Depuis, la jeune femme a été contrainte de quitter son logement. "Je vis désormais cachée chez des amis dans la banlieue de Kaboul", a-t-elle confié à France24.
Pour autant, pas question pour elle d'abandonner son combat. "Je pense que le règne des talibans et les 13 années de guerre qui ont suivi ont détruit nos valeurs et notre culture. La montée de l'extrémisme et de la violence a créé beaucoup de frustration, ce qui conduit à ce type de comportement déviant. Nous vivons dans une société patriarcale, où les femmes sont considérées comme des citoyens de seconde classe. Lorsque nous nous plaignons du harcèlement sexuel, les hommes disent souvent que si une femme porte le voile, personne ne la dérange. Mais c'est faux évidemment, puisque même les femmes qui portent la burqa sont harcelées dans la rue."
Kubra Khademi en profite pour dénoncer l'inertie du gouvernement de d'Ashraf Ghani, incapable d'enrayer le problème ou d'apporter de l'aide aux victimes de harcèlement sexuel. "Nous n'avons même pas de ligne d'écoute à appeler. Les familles portent aussi leur part de responsabilité. Une femme qui est victime de ce type d'abus ne osera en parler à son père ou de sa mère, de peur de les déshonorer."

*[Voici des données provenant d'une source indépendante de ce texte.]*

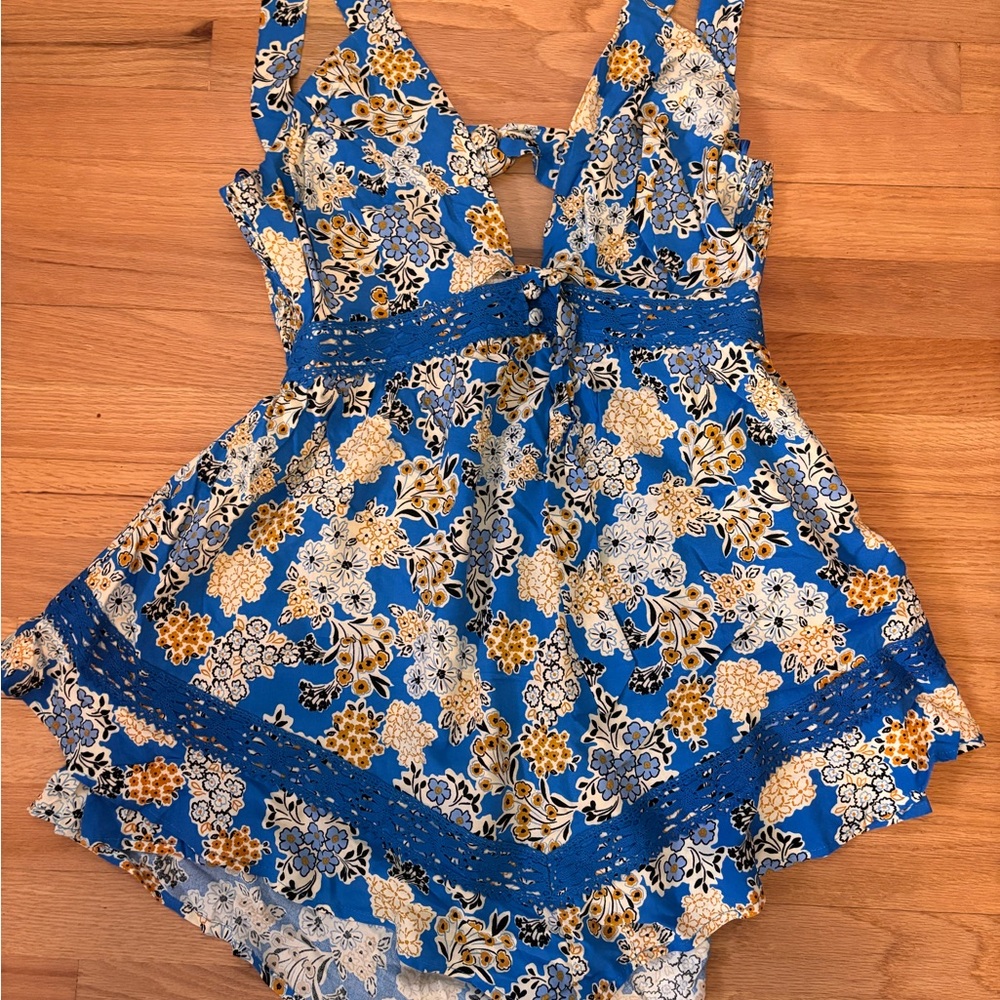 Heyson Floral Romper with Lace trim and open back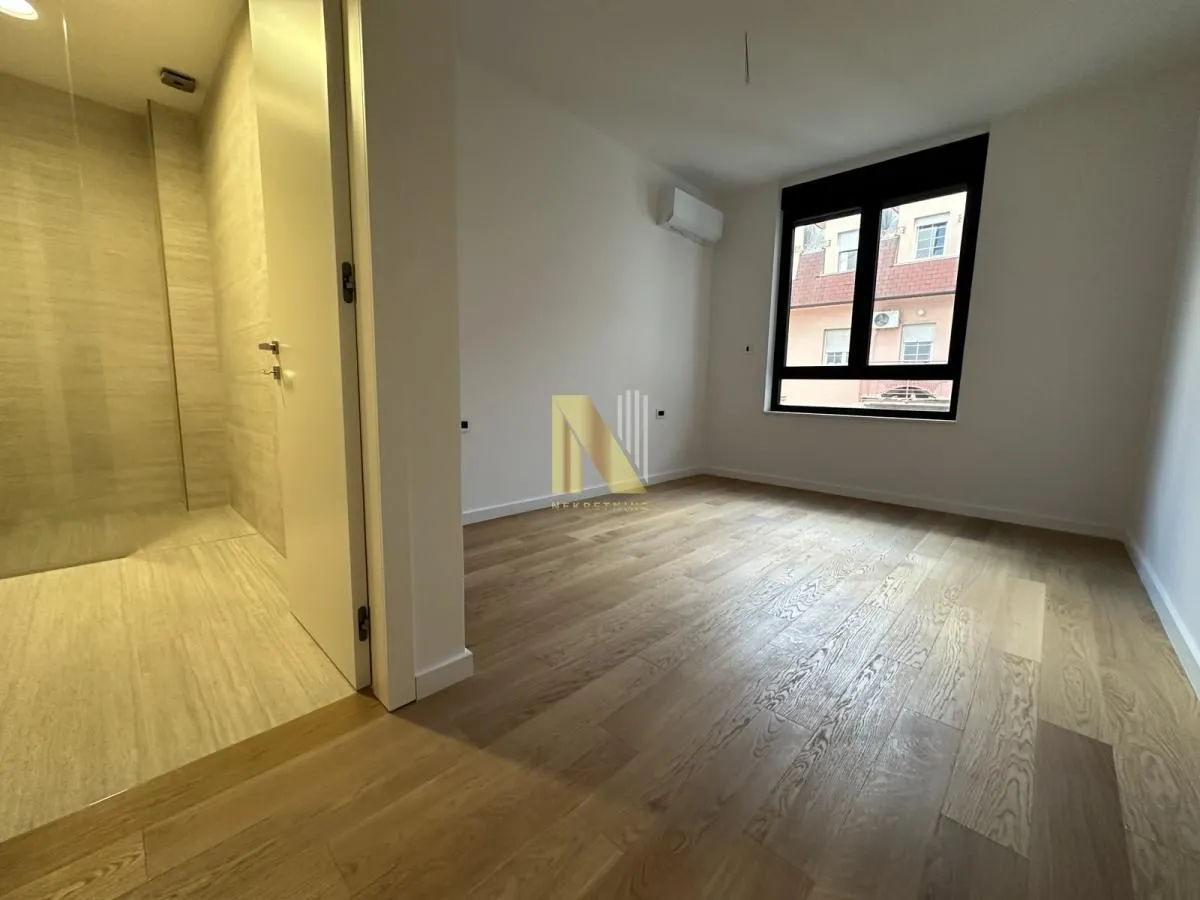 Rent, office space, 112m², Centar, Novi Sad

"Les femmes doivent abattre ce mur de silence. Nous devons parler de ce problème autant que possible et faire pression sur les autorités pour qu'elles interviennent enfin. Si je ne parle pas maintenant, un jour ma fille devra faire face à ce genre de harcèlement, et sa fille après elle. Ma génération doit briser ce cercle vicieux."